[haiku-development] Re: [Haiku PM] compatibility with software from Haikuware

  • From: Stephan Aßmus <superstippi@xxxxxx>
  • To: haiku-development@xxxxxxxxxxxxx
  • Date: Wed, 25 Sep 2013 12:19:25 +0200

Hi,

On 25.09.2013 02:31, Jessica Hamilton wrote:
Whilst there's already a physical file-system layout to [mostly] match
what should be expected from a non-PM point of view, the whole
"non-packaged" thing completely takes away from the simplicity of Haiku.
And given that you've already implemented the equivalent of a union
filesystem, perhaps the ideal would be to get rid of the read-only
directories, and use the "non-packaged" directories as writeable overlays.

It doesn't make sense to me. How can you for example delete a file, which is actually part of a package? You have to think it through, what "writable" actually means.
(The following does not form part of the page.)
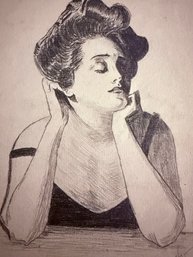 Original Early 1900's Drawing Of Woman After Charles Dana Gibson ( See Lower Right Signature)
What use-case does it serve to be able to delete random files from packages and screw things up?

Now, if I understand things correctly, it's already possible to shadow files from packages by placing modified versions at the equivalent place in the non-packaged hierarchy. And there is even a use-case for that, which is for example testing a new libmedia.so, or replacing freetype with a version that supports sub-pixel rendering.

Of course, if you accidentally replace a working library with an incompatible one... let's assume the size of a data structure changes in the library because you turned on a compile time feature... it just highlights the dangers with this approach of patching the system up.

Two contrary forces are at play here: On the one hand, package management is expected to always result in a consistent, working system where everything indeed fits together. On the other hand, some people want to mess with stuff however they want. It surely wasn't easy to figure out a solution that accomodates these use-cases, but that's what you are looking at.

This way, stuff could still be manually written to the packagefs mount
points, with the writes being transparently passed through to the
underlying filesystem under "non-packaged".

Of course, I'd expect files from packages themselves to still remain
read-only. A possible upshot of this may be that you could even shadow
files that come from packages. You could go so far to allowing what
appears to be changes to package files by transparently copying them
into the underlying filesystem and making modifications there.

Huh? Files are read-only but you can shadow them? How, if you only have one visible folder and the files therein? Think it through and you may just arrive at the conclusion that what you see now, is exactly the only way it can possibly work. Or am I missing something?